«J'ai des excuses à vous faire, dit-il, pour le sans-façon avec lequel je me suis introduit chez vous. Il n'y avait pas à hésiter: un mandat d'arrêt a été lancé contre moi: demain on voudra le mettre à exécution, mais il sera trop tard. Tandis qu'on surveille la route et la station du chemin de fer à Maisons, je suis ici, et certes ce n'est pas chez M. de Francalin qu'on viendra chercher le mari de Mme Rose.»
Georges fit un mouvement.
«Cela vous étonne, ce que je dis là? reprit Olivier; mais c'est précisément parce que je sais, avec tout le monde, que vous aimez Mme Rose, que je me suis réfugié à la Maison-Blanche. Là seulement je n'ai rien à craindre.
—Mais, monsieur, s'écria Georges, parler de sentiments dont je ne vous dois pas l'aveu, c'est offenser celle de qui vous venez de prononcer le nom. Sachez que, si je les éprouve, mon respect les égale tout au moins.
—Qu'est-ce? répliqua M. de Réthel avec un air de hauteur. Me feriez-vous gratuitement cette insulte de supposer que je serais dans cette maison, si j'avais eu la sottise ou la lâcheté de soupçonner Mme de Réthel un instant? Ah! monsieur, vous ne le pensiez pas!... Je vous estime parce que Mme de Réthel vous aime.»
Ce dernier mot laissa M. de Francalin sans réponse.
«Oui, monsieur, poursuivit Olivier, cela m'a donné de votre caractère une opinion que vous méritez certainement.

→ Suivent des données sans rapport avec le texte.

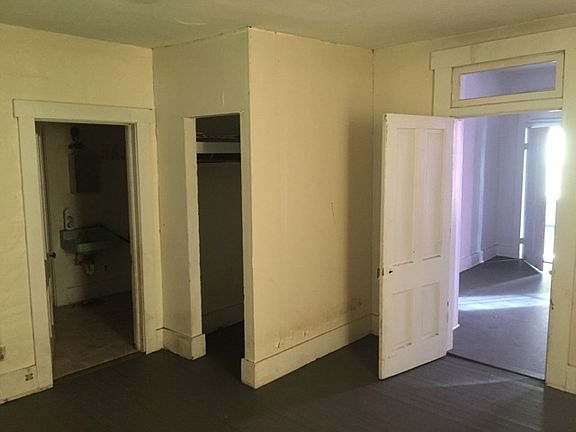 2nd image of 12659 Trailsend Dr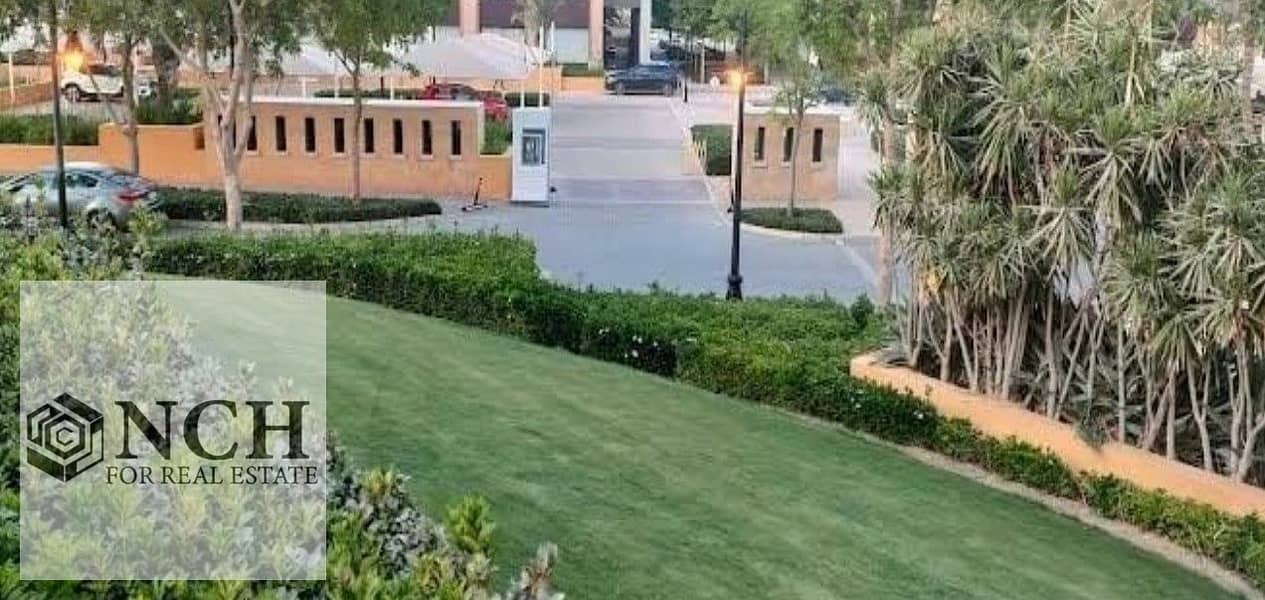 توين هاوس بـ٤ غرف نوم في ميفيدا، صورة ٨ من ١٠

Si vous pouviez apprécier comme moi ce que vaut Mme de Réthel, vous me comprendriez.»
Un coup de vent ébranla les volets, et la pluie frappa les vitres à flots. M. de Réthel se mit à rire.

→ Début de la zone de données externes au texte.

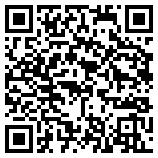 QR Code for Wendling Ralph Jr Sewer Service - Office in Pittsfield, MA 01201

«Je plains les pauvres diables qui sont à m'attendre sur la route, dit-il. Les niais ont cru que le coup était pour demain. Ils ne savent pas leur métier. Quand ils verront que rien ne bouge, ils se tiendront tranquilles, et l'émeute fera explosion. Priez Dieu seulement que nous ne réussissions pas!»
Georges regarda M. de Réthel avec étonnement.